SUPPLIED MATERIAL

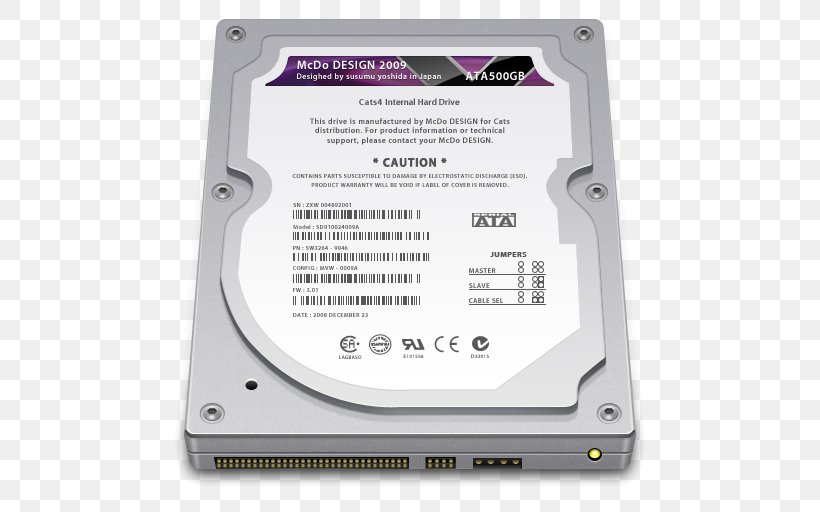 Data Storage Device Electronic Device Hard Disk Drive Computer Component, PNG, 512x512px, Laptop, Computer Component, Computer Software, Data Storage Device, Electronic Device Download Free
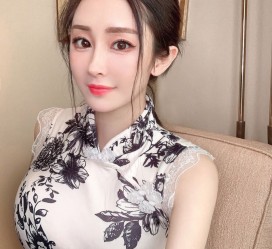 阳江青海兼职模特(青海兼职模特雇用信息)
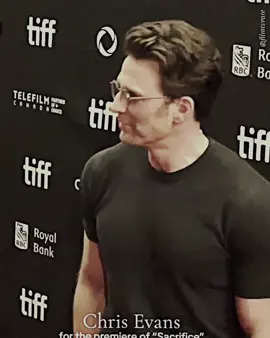 < Scp - aeno1r.scp > #chrisevans #sqideyswebz_ 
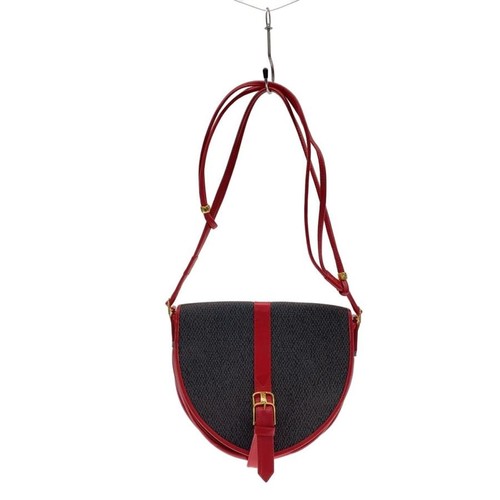 Borsa tracolla yves saint - a,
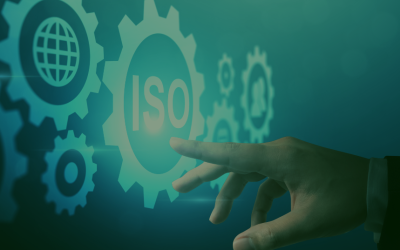 Why ISO 9001 Still Matters in 2026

TASK DIRECTIONS
All records above are to be printed exactly, minus the pictures they contain.

ANSWER TO THE PROBLEM
 Data Storage Device Electronic Device Hard Disk Drive Computer Component, PNG, 512x512px, Laptop, Computer Component, Computer Software, Data Storage Device, Electronic Device Download Free
 阳江青海兼职模特(青海兼职模特雇用信息)
 < Scp - aeno1r.scp > #chrisevans #sqideyswebz_ 
 Borsa tracolla yves saint - a,
 Why ISO 9001 Still Matters in 2026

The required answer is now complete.